Mozambique: Agriculture sector needs to think long-term - analysts
Screen grab: Assembleia da Republica de Moçambique/YouTube
Mozambique has imposed 650 fines this year for illegal exploitation of forest products and wildlife, amounting to almost €1 million, and has suspended eight mining companies since 2024 for environmental damage, the government announced yesterday.
In parliament, Mozambique’s Minister of Agriculture, Environment and Fisheries, Roberto Mito Albino, told MPs that the deployment of inspectors at all land borders and increased surveillance at ports, including the addition of mobile brigades, had enabled the state to seize at least 1,700 cubic metres of logs this year.
A total of 147 cubic metres of sawn timber of various species, 6,670 bags of charcoal, 211 mats of stakes and 17 mats of firewood were also seized, with a total value of 71 million meticais (€980,000).
The products were seized in the provinces of Maputo and Inhambane, with at least two criminal cases pending before the Public Prosecutor’s Office, Minister Albino said.

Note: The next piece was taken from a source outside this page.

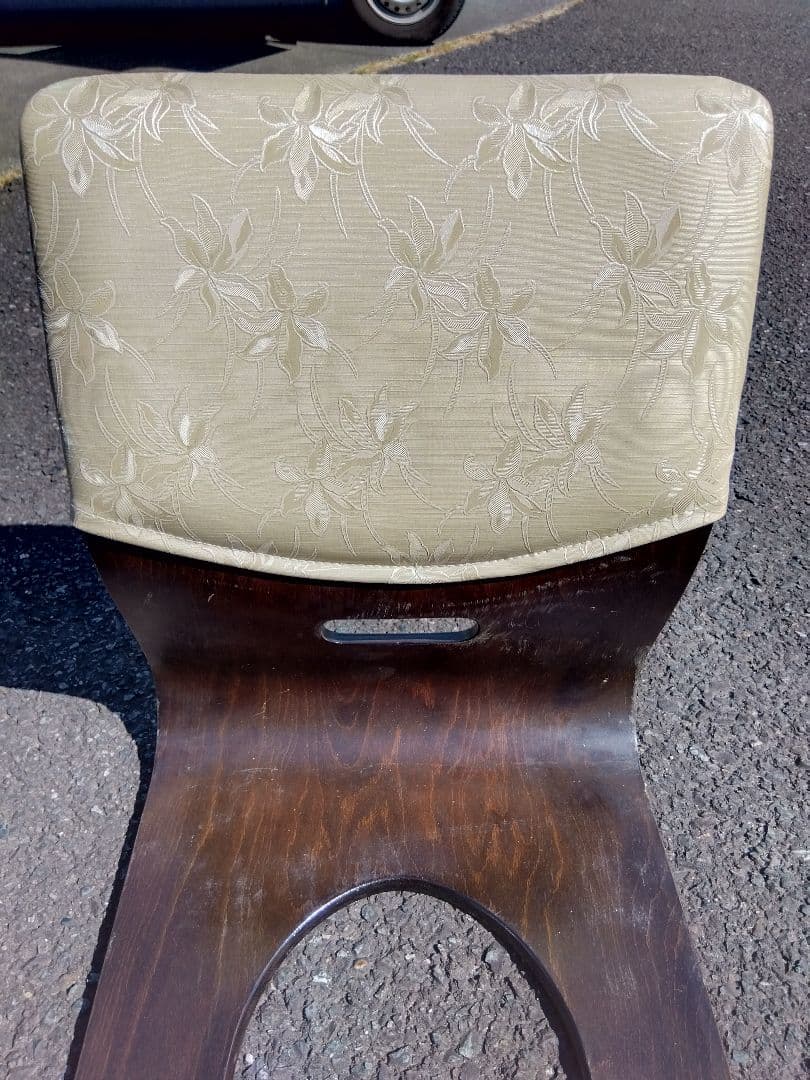 木工座椅子　穴あきデザインの座椅子　10脚セット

From 2024 to the first quarter of this year, he added, at least 300 entities with mining titles were inspected, culminating in the penalisation and suspension of at least eight companies for their “negative impact” on the environment in the provinces of Manica, Tete and Gaza, with fines of more than five million meticais (€69,000).
The minister also stated that since 2024, at least 1,328 environmental inspections have been conducted, resulting in 185 fines worth 101.7 million meticais (approximately 1.4 million euros), which have led to four criminal proceedings.
Lusa reported on 21 March that Mozambique’s government plans to hire 750 inspectors in 2026 for ports, border posts and conservation areas to strengthen enforcement and prevent deforestation and illegal exploitation of forest resources.
“Another 750 inspectors are planned, and these 750 are not only for ports and borders, but to increase our capacity at the cutting sites, increase our capacity in conservation areas that have been the focus now, because we have virgin forests, we have valuable timber, and these 750 are to ensure that we can carry out inspections in these areas,” said the permanent secretary of the Ministry of Agriculture, Environment and Fisheries, Emília Fumo, at the time.
According to Fumo, another thousand inspectors have now been hired to reinforce control at border posts, ports and conservation areas, indicating that more agents need to be allocated in the districts and provinces where there is more illegal exploitation.
Deforestation in Mozambique affected 875,453 hectares over four years, despite a decline in 2022, primarily affecting the provinces of Niassa and Zambézia, according to statistics collected by Lusa and released in October.
According to a report by the National Statistics Institute, which compiled data from 2019 to 2022, the deforestation of various types of forest in the latter year fell by 31% compared to the previous year, to 209,464 hectares.
The peak of deforestation was recorded in 2021, with 303,689 hectares, of which 264,999 hectares were semi-deciduous (tropical) forest, 29,258 hectares were semi-evergreen forest, and 99 hectares were mangrove forest, among others.
In 2019, deforestation in Mozambique affected 199,910 hectares, and in 2020, a total of 242,390 hectares. In these four years recorded by INE, the provinces of Niassa and Zambézia alone accounted for 180,279 and 167,367 hectares of deforestation, respectively.